**HOW TO COMPLETE THIS TASK:** Should a picture appear anywhere in the data, omit it and copy everything else exactly.

**DATASET CONTENT:**
-- Opening Marker --
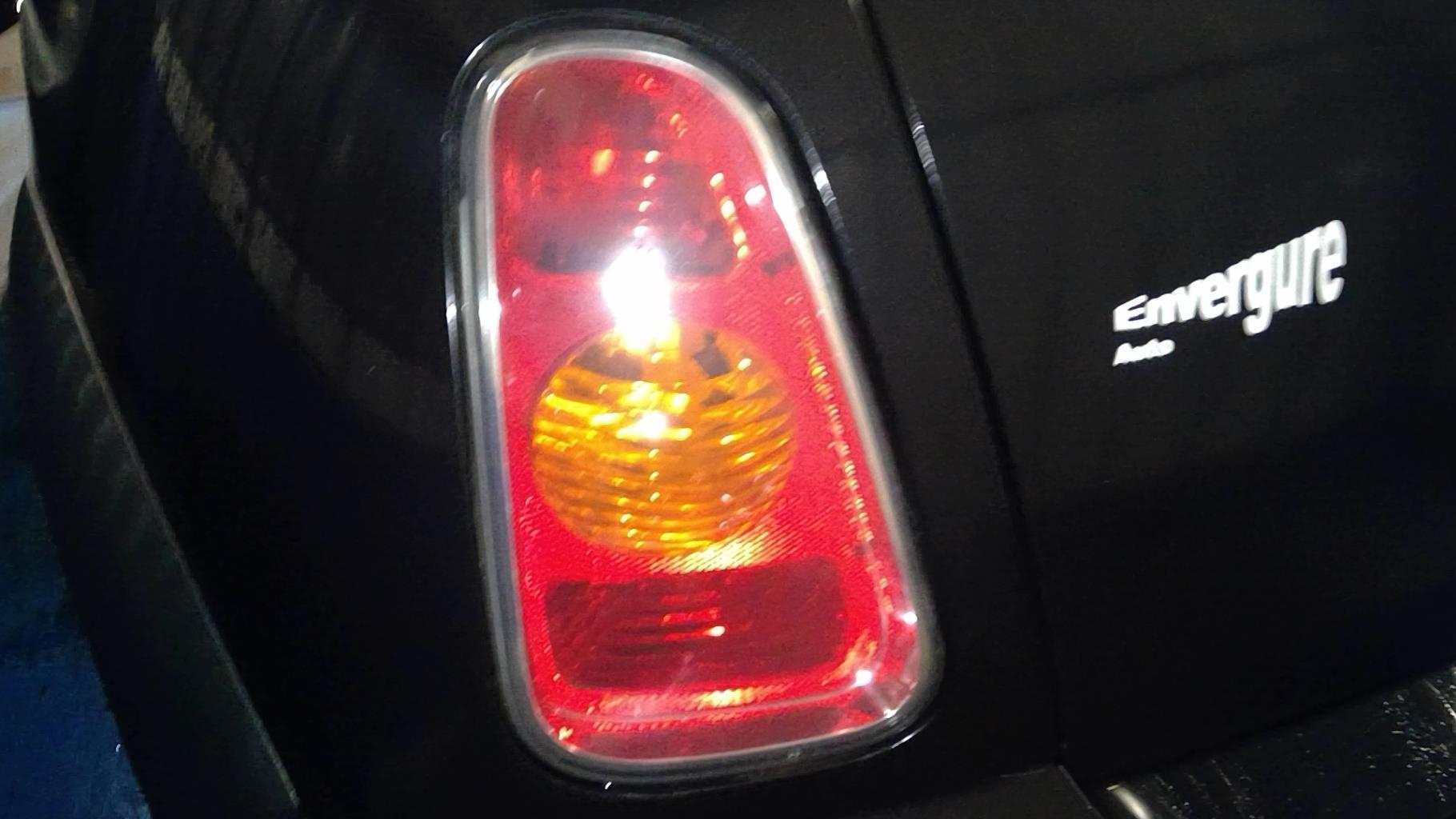 Fanale posteriore principale sinistro (luci) MINI MINI 1 R50/R53 PHASE 1 Gasolina - 1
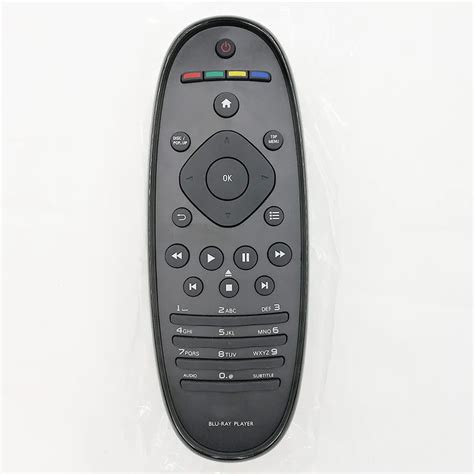 New Original remote control for philips BDP9600 BDP7600 Blu ray DVD ...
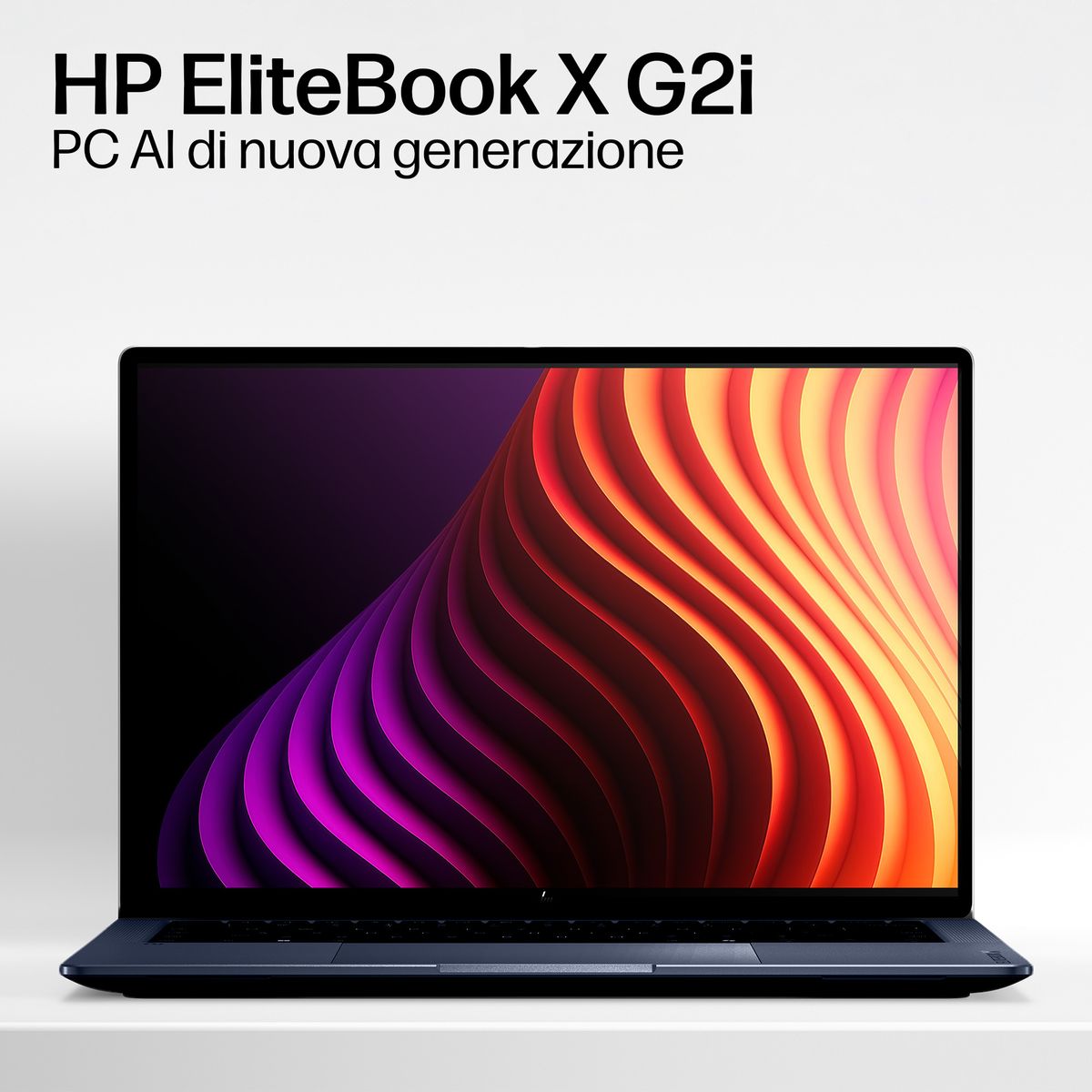HP INC. EB XG2I 14 AI U7-356H 32/1 WIN11P 3YOFF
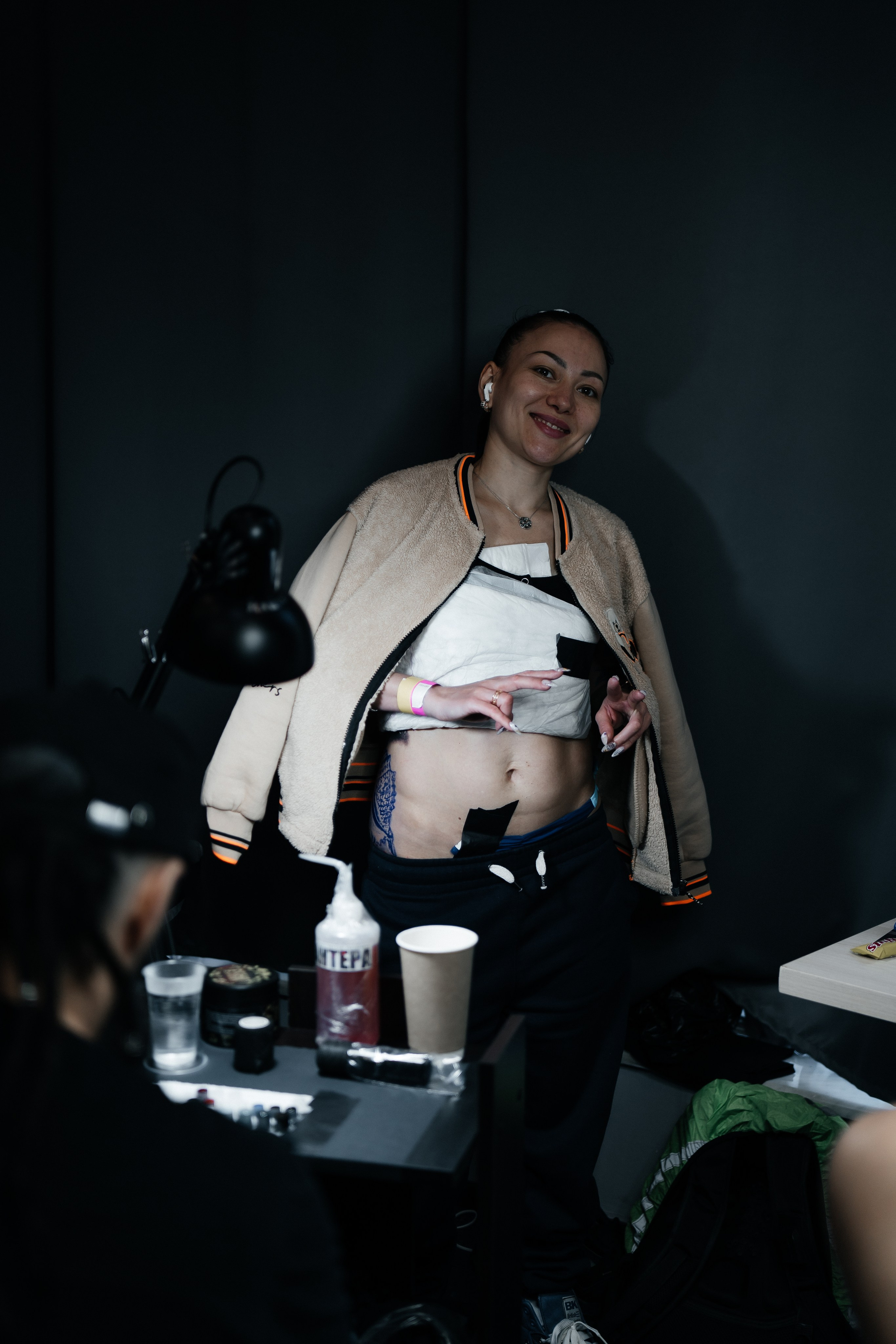 Tatoo Fest «2023». Sochi. Свадебный и семейный фотограф в городе Сочи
-- Closing Marker --
**REPLY TO THE TASK:**
 Fanale posteriore principale sinistro (luci) MINI MINI 1 R50/R53 PHASE 1 Gasolina - 1
 New Original remote control for philips BDP9600 BDP7600 Blu ray DVD ...
HP INC. EB XG2I 14 AI U7-356H 32/1 WIN11P 3YOFF
 Tatoo Fest «2023». Sochi. Свадебный и семейный фотограф в городе Сочи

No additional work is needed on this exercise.